Let $A\in B(H)$ and $\{h_n\}$ be a dense sequence in the unit sphere of $H$.Suppose that there exists a sequence of mutually projections $\{P_i\}$. Denote $Q_n=\sum_{i\leq n}P_i$, if we assume that there exists $\delta>0$ such that $\|Q_nh_n\|>\delta$ fo all $n$.
Then $Q_n$ strongly increases to the identity operator $I$.
I tried to prove that for any $\epsilon>0$, there exists $N$ when $n\geq N$, we have $\|Q_nh-h\|<\epsilon$ for all $\|h\|\leq 1$. Since $\{h_n\}$ be a dense sequence in the unit sphere of $H$, for each $\epsilon>0$, there exists $h_{n_0}$ such that $\|h-h_{n_0}\|<\epsilon$. But how to use the condition "$\|Q_nh_n\|>\delta$ fo all $n$" to show that $\|Q_nh-h\|<\epsilon$ for all $\|h\|\leq 1$?

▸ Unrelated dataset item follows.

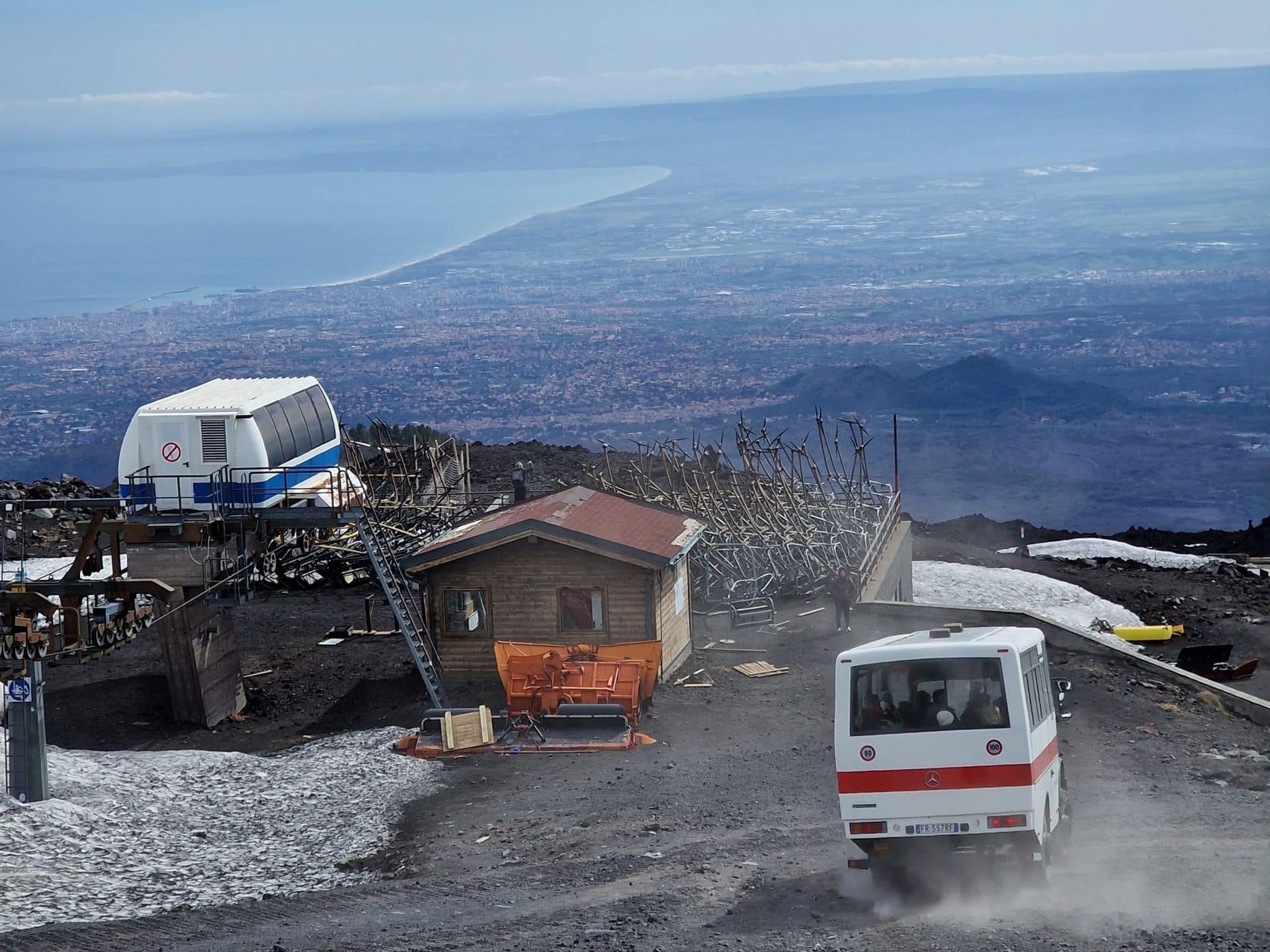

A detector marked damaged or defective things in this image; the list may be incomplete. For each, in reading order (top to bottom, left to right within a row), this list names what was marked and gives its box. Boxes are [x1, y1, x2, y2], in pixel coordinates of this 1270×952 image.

rusty metal roof [403, 485, 711, 573]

The sot limit $Q$ exists because the sequence $\{Q_n\}$ of projections is increasing. It is easy to show that a sot limit of projections is a projection, so $Q$ is a projection. Since $Q\geq Q_n$ for all $n$, we have $$ \|Qh_n\|^2=\langle Qh_n,Qh_n\rangle=\langle Qh_n,h_n\rangle\geq\langle Q_nh_n,h_n\rangle=\|Q_nh_n\|^2\geq\delta^2. $$
Suppose that $Q$ has kernel. That is, there exists $x$ in the unit sphere with $Qx=0$. By the density, there exists $h_n$ with $\|x-h_n\|<\delta/2$. Then $$ \delta<\|Qh_n\|=\|Qh_n-Qx\|=\|Q(h_n-x)\|\leq\|h_n-x\|\leq\frac\delta2, $$ a contradiction.